Updated on June 07, 2022

Comments

  • Jose Ramon
    Jose Ramon almost 2 years

    I am trying to load a .wav file in Python using the scipy folder. My final objective is to create the spectrogram of that audio file. The code for reading the file could be summarized as follows:

    import scipy.io.wavfile as wav
    (sig, rate) = wav.read(_wav_file_)
    

    For some .wav files I am receiving the following error:

    WavFileWarning: Chunk (non-data) not understood, skipping it. WavFileWarning) ** ValueError: Incomplete wav chunk.

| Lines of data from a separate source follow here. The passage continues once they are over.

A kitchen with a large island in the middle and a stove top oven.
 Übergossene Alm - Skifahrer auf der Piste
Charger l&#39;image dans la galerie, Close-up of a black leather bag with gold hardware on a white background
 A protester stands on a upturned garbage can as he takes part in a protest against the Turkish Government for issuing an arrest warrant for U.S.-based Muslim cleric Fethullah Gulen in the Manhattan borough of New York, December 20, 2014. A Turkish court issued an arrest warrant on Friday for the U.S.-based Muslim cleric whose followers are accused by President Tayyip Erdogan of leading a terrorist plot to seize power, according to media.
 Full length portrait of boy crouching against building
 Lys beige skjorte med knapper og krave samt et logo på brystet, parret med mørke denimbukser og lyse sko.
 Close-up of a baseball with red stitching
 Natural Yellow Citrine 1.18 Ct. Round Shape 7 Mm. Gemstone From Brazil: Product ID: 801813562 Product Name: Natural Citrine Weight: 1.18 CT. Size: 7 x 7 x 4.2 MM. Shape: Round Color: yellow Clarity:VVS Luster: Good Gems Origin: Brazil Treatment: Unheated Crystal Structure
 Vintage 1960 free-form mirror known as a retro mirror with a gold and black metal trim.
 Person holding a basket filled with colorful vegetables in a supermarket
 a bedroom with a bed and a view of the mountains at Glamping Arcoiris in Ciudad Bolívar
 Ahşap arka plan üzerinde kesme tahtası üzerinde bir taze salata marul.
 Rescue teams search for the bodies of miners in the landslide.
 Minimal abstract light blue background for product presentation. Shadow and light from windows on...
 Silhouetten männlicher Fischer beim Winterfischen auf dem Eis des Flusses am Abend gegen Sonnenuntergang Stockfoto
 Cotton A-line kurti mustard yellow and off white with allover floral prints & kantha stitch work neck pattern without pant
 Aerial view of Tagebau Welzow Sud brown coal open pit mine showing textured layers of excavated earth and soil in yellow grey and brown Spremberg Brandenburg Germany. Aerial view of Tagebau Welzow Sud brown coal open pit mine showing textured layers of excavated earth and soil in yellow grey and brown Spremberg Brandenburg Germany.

    Therefore, I decided to use librosa for reading the files using the:

    import librosa
    (sig, rate) = librosa.load(_wav_file_, sr=None)
    

    That is working properly for all cases, however, I noticed a difference in the colors of the spectrogram. While it was the same exact figure, however, somehow the colors were inversed. More specifically, I noticed that when keeping the same function for calculation of the specs and changing only the way I am reading the .wav there was this difference. Any idea what can produce that thing? Is there a default difference between the way the two approaches read the .wav file?

    EDIT:

    (rate1, sig1) = wav.read(spec_file) # rate1 = 16000
    sig, rate = librosa.load(spec_file) # rate 22050
    sig = np.array(α*sig, dtype = "int16") 
    

    Something that almost worked is to multiple the result of sig with a constant α alpha that was the scale between the max values of the signal from scipy wavread and the signal derived from librosa. Still though the signal rates were different.

  • Jose Ramon
    Jose Ramon over 5 years
    But in order to do the scaling I need to find the min and max from each dataset. Right?That is kind of impossible for me.
  • fstop_22
    fstop_22 over 5 years
    The scale factor is more than likely constant. If it was not, the volume of the wave file would be changing for each block of data that is read.
  • Jose Ramon
    Jose Ramon over 5 years
    I want to read the audio and then calculate the spectrogram following the following examples: haythamfayek.com/2016/04/21/…. I noticed that with librosa and scipy waveread there is a difference in the resulted colors.
  • fstop_22
    fstop_22 over 5 years
    What is the source of the data and what is being used to create the wav file?
  • Jose Ramon
    Jose Ramon over 5 years
    This information is unfortunately something that i do not have access to it. The wav files are part of a database that can be found here: zenodo.org/record/1188976#.XFmYoVxKi73
  • Jose Ramon
    Jose Ramon over 5 years
    Yes I tried that but in a bit arbitary way. I just scale but found the max and min in both cases in 20-30 wav files.
  • Jose Ramon
    Jose Ramon over 5 years
    In that way the spectrograms are kind of similar. Still there is one remaining issue I guess is that both ways have different sample rate. I thought that the sample rate is defined by the .wav file. However, it seems that is not the case.
  • fstop_22
    fstop_22 over 5 years
    The sample rate should be the same. What are values you are getting for sample rates?
  • Jose Ramon
    Jose Ramon over 5 years
    For the scipy wav.read it is 16.000 while for the librosa 22050.
  • fstop_22
    fstop_22 over 5 years
    It sounds like librosa and scipy are using different formats for wav file.